Se il narratore di una storia è la voce della storia stessa, lo sguardo ne è il colore e la temperatura. Lo sguardo non è mai neutrale e non coincide con la prospettiva, ma è semplicemente un pezzo di racconto visto con occhi diversi da quelli di chi scrive. Una specie di filtro, insomma. Lo sguardo, nella narrazione, può guardare, contemplare, invidiare; è molteplice, può adattarsi a più prospettive; è esterno, ma si lega alla visione che un determinato personaggio ha di sé; può moltiplicarsi fino a coincidere con quello di una folla, ma anche a livello collettivo ha una visione specifica sull'esistenza del personaggio.

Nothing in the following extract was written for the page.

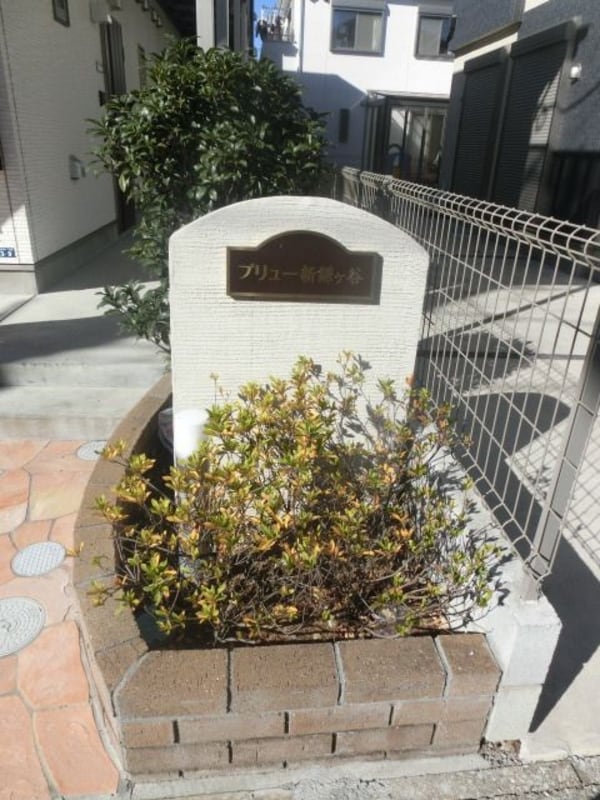 共有部分(看板)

Lo sguardo è fluido, multiforme, cangiante. Giudica, apprezza, crititca. Si distacca dalla voce, da quello che pensa la voce narrante, oppure coincide con essa, ma temporaneamente. Fa sì che un personaggio sia presentato in maniera dinamica, con tutti i chiaroscuri e le possibili contraddizioni, facendolo risaltare e uscire fuori dalla univocità, dalla noiosa bidimensionalità.

Alla scuola Holden mi hanno chiesto di scrivere un racconto tenendo presenti tutti i consigli e gli accorgimenti affrontati nella parte teorica. Il primo vero esercizio era stato quello di scrivere l'inizio di una storia. Ne parlerò in uno dei miei prossimi post.


lunedì 9 gennaio 2017

La voce nella narrazione


Gérard Genette (Par Pierrelucverville — Travail personne)
La prima cosa da domandarsi per analizzare o scrivere un racconto è: chi sta parlando? Chi sta raccontando questa storia?

Le categorie classiche sono la prima e la terza persona, ma come vedremo non bastano affatto. Un racconto in prima persona afferma il punto di vista di chi scrive: io racconto, io ho visto, mi è successo, ho incontrato, ho salutato, eccetera. La terza persona è più distaccata, e adotta il punto di vista di un personaggio che non coincide con chi racconta la storia: Giovanni esce di casa, Giovanni ha visto, a Giovanni è successo questo, Giovanni ha incontrato e salutato qualcuno.

La prima persona, dicevamo, è più coinvolta; la terza persona, più distaccata.
La prima persona sa di autobiografia; la terza persona sa di biografia del personaggio in questione.
La prima persona partecipa agli eventi; la terza persona li racconta da una distanza.

Come prima classificazione, non è male, ma per essere più precisi la semiotica, la narratologia e le teorie dell'enunciazione distinguerebbero tra più casi. Per esempio, vale la pena soffermarsi su quello che teorizza Genette, sempre partendo dal ruolo che copre il narratore .

La prima distinzione avviene a livello narrativo.
Il narratore è dentro la storia e allo stesso livello della narrazione o no? In questo caso distinguiamo rispettivamente tra narratore intradiegetico ed extradiegetico.

La seconda distinzione investiga il rapporto tra narratore e storia.
Il narratore partecipa alla storia o no? Partecipa agli eventi narrati o si limita a raccontarli? Ecco che possiamo identificare il narratore omodiegetico e quello eterodiegetico.

Incrociando queste due categorie, sono possibili quattro casi (interessante, a questo proposito, la scheda di Giovanna Cosenza).

Alla voce della narrazione possiamo far seguire una rifessione sullo sguardo della narrazione.